Action item
No line before the one containing "Front angle of" is to be output; retype exactly that line and all lines that follow it to the end of the records.

[Records from a data source]
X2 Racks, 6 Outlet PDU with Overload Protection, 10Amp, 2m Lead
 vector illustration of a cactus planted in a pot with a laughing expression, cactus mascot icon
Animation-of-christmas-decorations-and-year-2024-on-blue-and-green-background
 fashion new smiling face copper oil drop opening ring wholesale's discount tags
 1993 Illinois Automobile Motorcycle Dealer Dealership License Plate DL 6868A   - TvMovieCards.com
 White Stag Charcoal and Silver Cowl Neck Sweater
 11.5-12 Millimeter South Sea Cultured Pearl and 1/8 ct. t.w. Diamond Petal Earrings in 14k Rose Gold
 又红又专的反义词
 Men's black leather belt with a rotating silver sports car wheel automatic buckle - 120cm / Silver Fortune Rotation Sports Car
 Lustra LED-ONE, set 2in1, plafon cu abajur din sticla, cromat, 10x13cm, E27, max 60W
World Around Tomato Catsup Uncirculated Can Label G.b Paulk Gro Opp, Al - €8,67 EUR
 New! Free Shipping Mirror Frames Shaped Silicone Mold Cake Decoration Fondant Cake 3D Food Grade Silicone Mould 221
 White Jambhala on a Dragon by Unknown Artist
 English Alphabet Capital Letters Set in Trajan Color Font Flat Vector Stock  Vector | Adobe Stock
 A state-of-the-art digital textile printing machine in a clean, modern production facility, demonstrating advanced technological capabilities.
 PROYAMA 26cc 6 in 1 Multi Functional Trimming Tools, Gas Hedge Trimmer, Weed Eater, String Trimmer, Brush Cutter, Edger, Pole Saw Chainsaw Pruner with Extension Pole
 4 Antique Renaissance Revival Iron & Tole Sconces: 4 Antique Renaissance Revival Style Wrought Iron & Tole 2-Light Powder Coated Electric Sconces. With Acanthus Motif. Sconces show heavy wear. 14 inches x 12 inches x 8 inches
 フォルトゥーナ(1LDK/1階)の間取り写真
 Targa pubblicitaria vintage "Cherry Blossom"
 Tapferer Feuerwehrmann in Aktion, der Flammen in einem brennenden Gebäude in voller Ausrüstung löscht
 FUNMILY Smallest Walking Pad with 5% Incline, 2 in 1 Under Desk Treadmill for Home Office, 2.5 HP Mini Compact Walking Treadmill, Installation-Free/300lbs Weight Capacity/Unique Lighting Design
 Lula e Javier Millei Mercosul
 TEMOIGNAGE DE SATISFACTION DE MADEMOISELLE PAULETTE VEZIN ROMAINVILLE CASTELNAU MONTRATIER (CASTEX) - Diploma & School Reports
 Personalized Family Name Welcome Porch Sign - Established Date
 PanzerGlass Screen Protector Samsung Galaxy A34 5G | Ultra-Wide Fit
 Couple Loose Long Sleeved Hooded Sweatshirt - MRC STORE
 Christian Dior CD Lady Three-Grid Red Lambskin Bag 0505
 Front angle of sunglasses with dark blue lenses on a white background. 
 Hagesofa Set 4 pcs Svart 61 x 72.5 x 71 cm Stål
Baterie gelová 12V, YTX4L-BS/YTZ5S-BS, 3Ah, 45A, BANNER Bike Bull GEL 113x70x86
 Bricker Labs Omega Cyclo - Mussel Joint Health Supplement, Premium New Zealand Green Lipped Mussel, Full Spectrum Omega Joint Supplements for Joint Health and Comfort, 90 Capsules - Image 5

Task output
 Front angle of sunglasses with dark blue lenses on a white background. 
 Hagesofa Set 4 pcs Svart 61 x 72.5 x 71 cm Stål
Baterie gelová 12V, YTX4L-BS/YTZ5S-BS, 3Ah, 45A, BANNER Bike Bull GEL 113x70x86
 Bricker Labs Omega Cyclo - Mussel Joint Health Supplement, Premium New Zealand Green Lipped Mussel, Full Spectrum Omega Joint Supplements for Joint Health and Comfort, 90 Capsules - Image 5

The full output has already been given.